More than 150 people filled the Guilford High School auditorium Thursday to listen to Superintendent of Schools Thomas Forcella give an overview of the state of the public schools and some of the district’s goals for the future.
Two areas that Forcella highlighted as ones which the district wants to improve were the high school Connecticut Academic Performance Test scores and the middle school and high school buildings.
Speaking for about 1½ hours, Forcella described the new professional development program, outlined test scores at different grade levels and emphasized the district’s philosophy that “effort creates ability.”
Forcella, who has been superintendent since 2005, said before the speech that the address is something he has “always wanted to do,” both in Guilford and previous jobs.
“I just felt it was a way to better communicate with the community regarding some of the initiatives that are taking place in the district,” he said. “We have a lot going on with facilities, with what we’re doing as far as professional development, and this is also a time where we can share our progress with the community.”
Forcella said one of his goals is to improve the interaction between the school district and Guilford residents.
“We hope you’re getting your $45 million worth, so one of the the things we need to do is to communicate clearly to you,” he said. “The schools, for many people, are the central focus of what goes on in the community.”
Forcella told those in attendance that the Board of Education last year adopted a policy of “zero-based or needs-based” budgeting, meaning that each department reassesses its needs every year.
He also pointed out that Guilford spends less per pupil than the state average, mainly because it has not incurred debt for school construction in many years.

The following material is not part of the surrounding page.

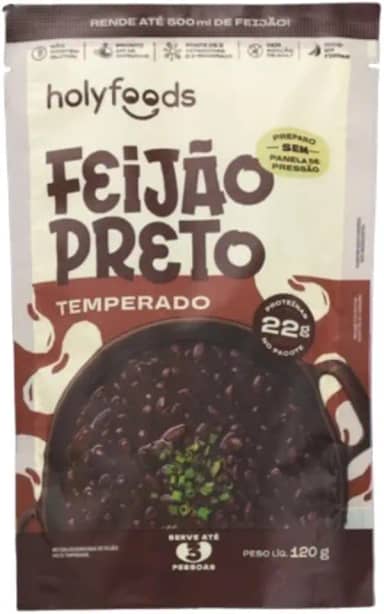 FEIJÃO PRETO TEMPERADO SEM PANELA DE PRESSÃO HOLYFOODS 120G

A task force is meeting to assess the district’s facilities needs and make recommendations about possible construction to the Board of Education.
Bloss told the audience that the address was intended to be an “honest assessment” of the school district.
“We want to be one of the very best, highest-achieving districts in the state,” Bloss said. “For many people, it’s fun to talk about strengths — talking about weaknesses, not so much.”